Quando o uso da tecnologia vira crime: a primeira menção à inteligência artificial no Código Penal

A criação do artigo 147-B do Código Penal, que tipificou a violência psicológica contra a mulher, foi um marco no enfrentamento da violência de gênero. A norma reconheceu que as agressões não se limitam à esfera física, mas também alcançam a emocional, permitindo uma resposta penal mais adequada à complexidade das diversas formas de opressão sofridas por mulheres.

Em que pese o fato de o referido tipo penal ter sido introduzido recentemente no Código Penal, em 2021, a velocidade com que as relações sociais evoluem evidenciou a necessidade de ampliar a sua compreensão diante de novas formas de violência psicológica, especialmente aquelas praticadas com o uso de tecnologias avançadas, especificamente o uso de inteligência artificial, que tem sido empregada para criar conteúdos falsos e ofensivos, com grande potencial de dano.

Um exemplo emblemático dessa situação é o chamado deepfake: vídeos gerados por IA que colocam a vítima em situações vexatórias ou constrangedoras sem que ela jamais tenha participado da cena. A repercussão desses conteúdos, facilmente replicáveis em redes sociais, amplia a intensidade da violência psicológica e dificulta a reparação ou contenção dos danos.

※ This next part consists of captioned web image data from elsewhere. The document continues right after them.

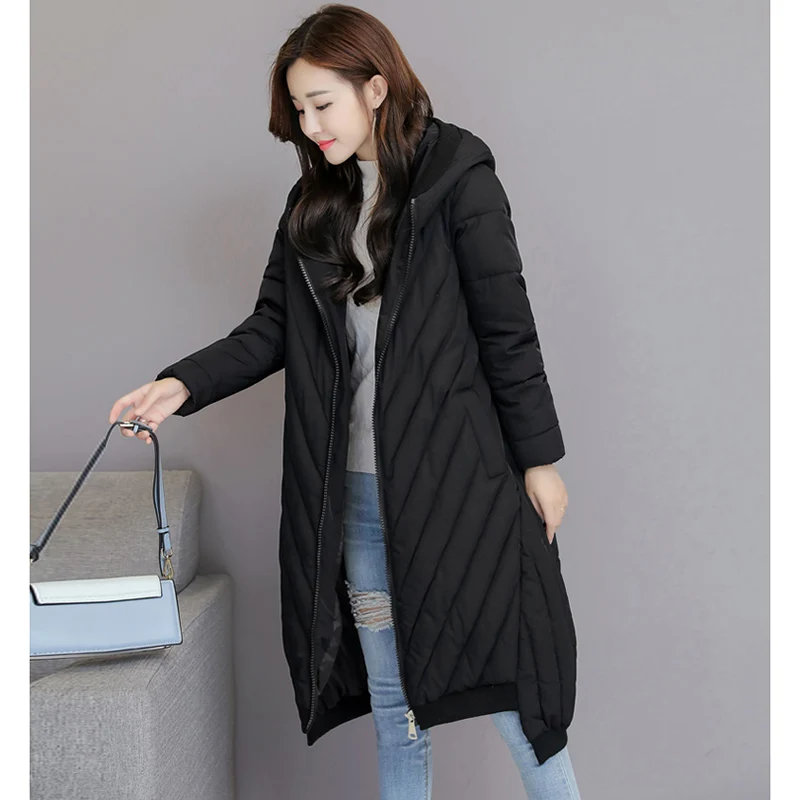 Women's Winter Plus size 4XL Down jackets Fashion Loose parka women down winter Hooded coat Warm Jacket Female Overcoat Parkas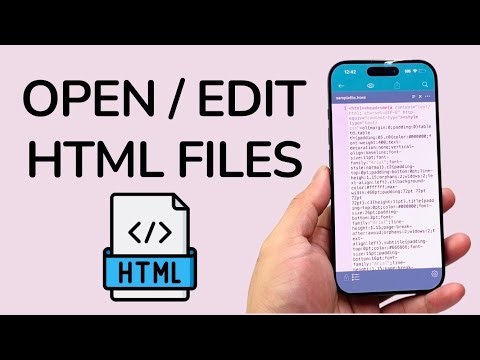 How To Open & Edit HTML Files On iPhone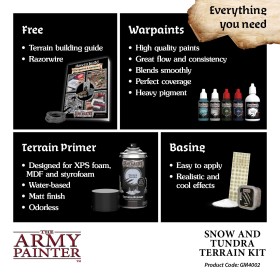 GameMaster Kit de terrain : Neige & Tundra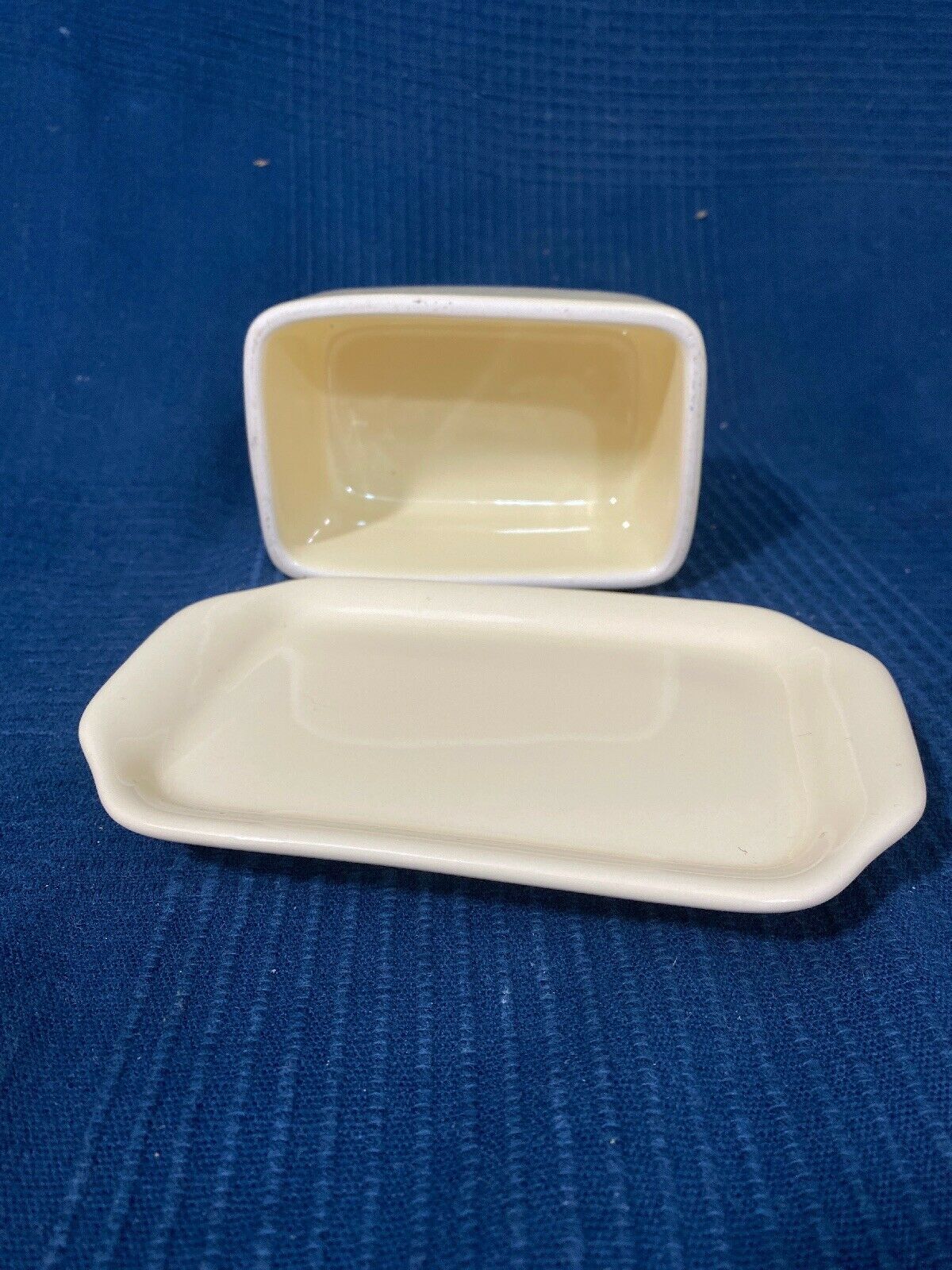 Vintage Louis style ceramic butter maker brand Tohu Bohu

Foi nesse contexto que surgiu a Lei nº 15.123/2025, publicada em abril de 2025, que incluiu no Código Penal, pela primeira vez na história, o uso de inteligência artificial como agravante da pena prevista para um crime: “Parágrafo único. A pena é aumentada de metade se o crime é cometido mediante uso de inteligência artificial ou de qualquer outro recurso tecnológico que altere a imagem ou o som da vítima.”

Na prática, isso significa que, ao condenar o agressor, a pena do crime de violência psicológica será majorada quando ficar demonstrado que houve emprego de IA pelo agressor. Nesse viés, o objetivo é duplo: punir com maior rigor e, ao mesmo tempo, desestimular o uso dessas tecnologias como instrumentos de perpetuação da violência de gênero.

O impacto da inovação legislativa é significativo. A alteração na norma fortalece o entendimento de que o ambiente digital não é um espaço de impunidade, e que condutas danosas serão responsabilizadas duramente na esfera criminal.

Vale lembrar que o Código Penal brasileiro, elaborado em 1940, sempre enfrentou o desafio de se manter atual diante das constantes mudanças sociais e tecnológicas. Nas últimas décadas, reformas pontuais buscaram modernizar sua aplicação, mas, até recentemente, a inteligência artificial ainda não havia aparecido expressamente em seu texto.

Essa abertura legislativa projeta consequências para além desse crime específico. A tendência é que outros tipos penais passem a prever o uso de inteligência artificial como elemento qualificante ou agravante quando o uso dessa ferramenta potencializar o dano causado à vítima, garantindo que o Direito Penal continue apto a proteger a sociedade em meio às transformações da era digital.